### PROBLEM TO WORK ON
Pictures are not part of the copy. Reproduce all the records exactly.

__________________________________________________

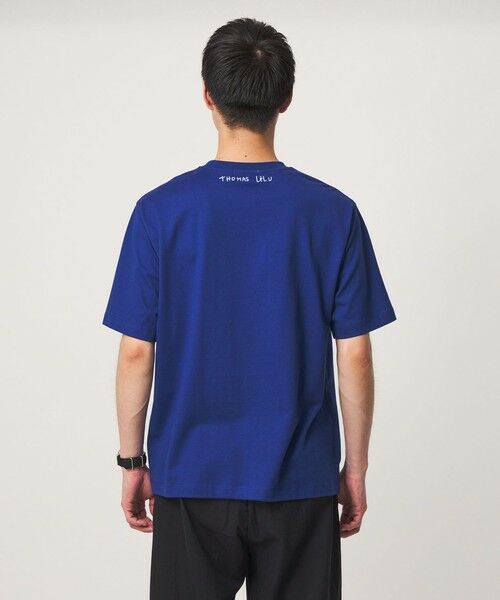 green label relaxing / グリーンレーベル リラクシング Tシャツ | 【別注】＜Thomas Lelu＞サインアート 半袖 Tシャツ カットソー | 詳細30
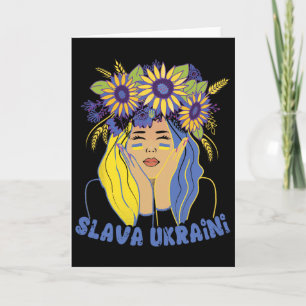 Carte Ukraine Slava Ukraini T-shirt Soutien aux femmes u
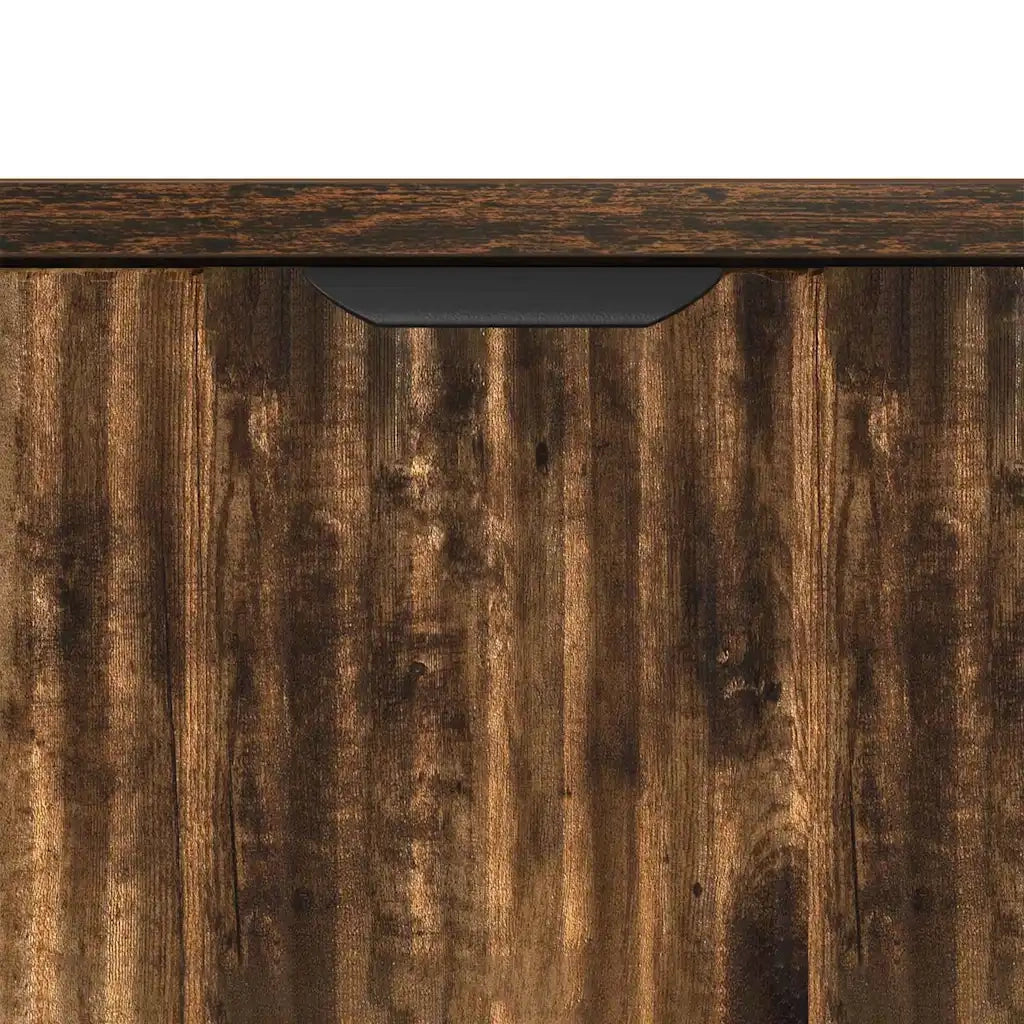 Mobile da Bagno con cassetto Rovere fumé 39,5 x 36 x 88 cm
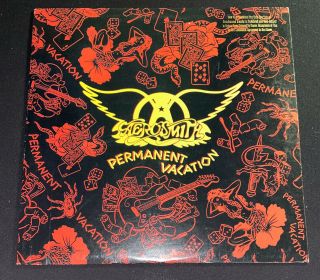 Aerosmith Permanent Vacation 1987 Geffen Vinyl Lp Ghs 24162 Ex/ex Promo Stamp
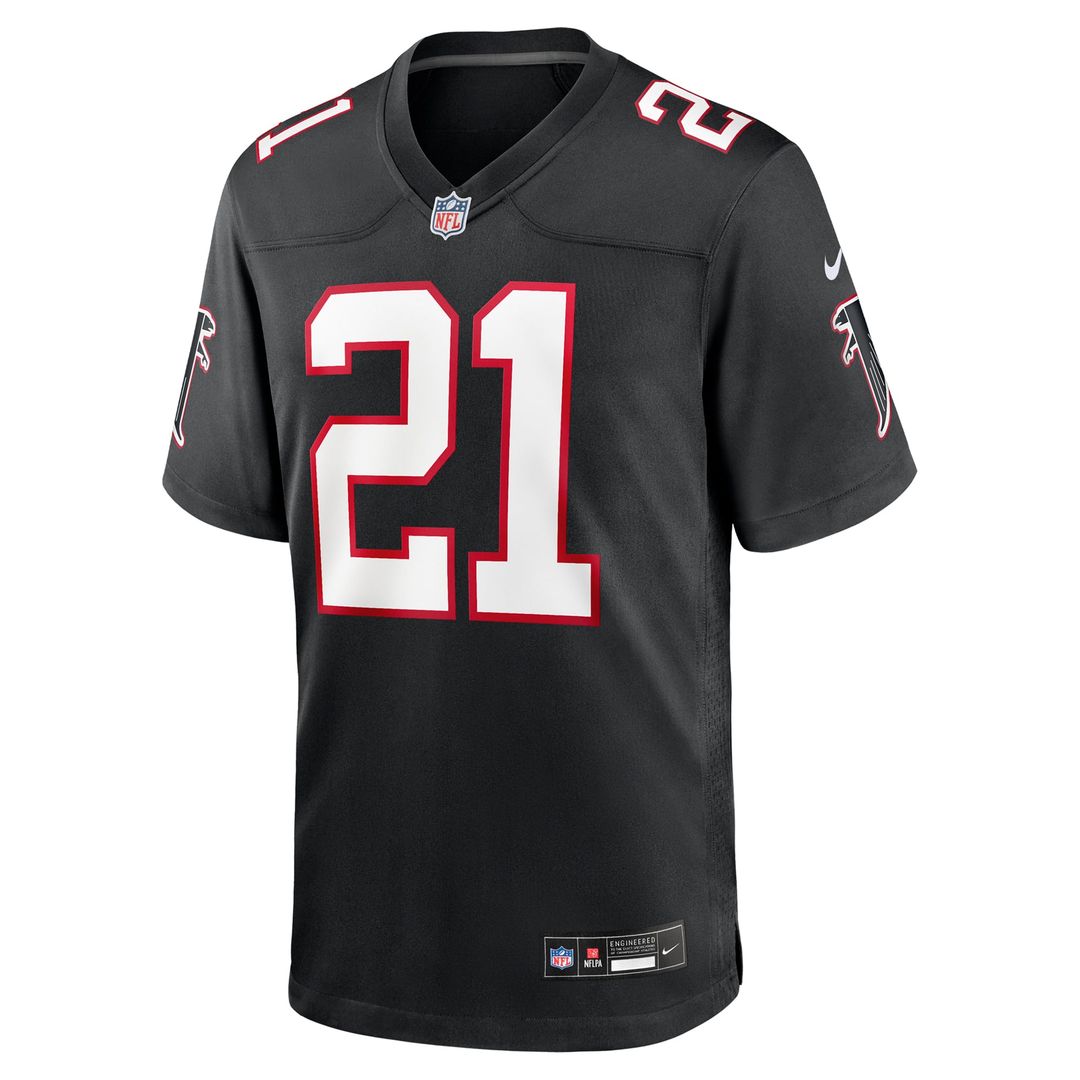 Deion Sanders Atlanta Falcons Alternate Game Jersey - Black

__________________________________________________

### ANSWER FOR THE TASK
 green label relaxing / グリーンレーベル リラクシング Tシャツ | 【別注】＜Thomas Lelu＞サインアート 半袖 Tシャツ カットソー | 詳細30
 Carte Ukraine Slava Ukraini T-shirt Soutien aux femmes u
 Mobile da Bagno con cassetto Rovere fumé 39,5 x 36 x 88 cm
 Aerosmith Permanent Vacation 1987 Geffen Vinyl Lp Ghs 24162 Ex/ex Promo Stamp
 Deion Sanders Atlanta Falcons Alternate Game Jersey - Black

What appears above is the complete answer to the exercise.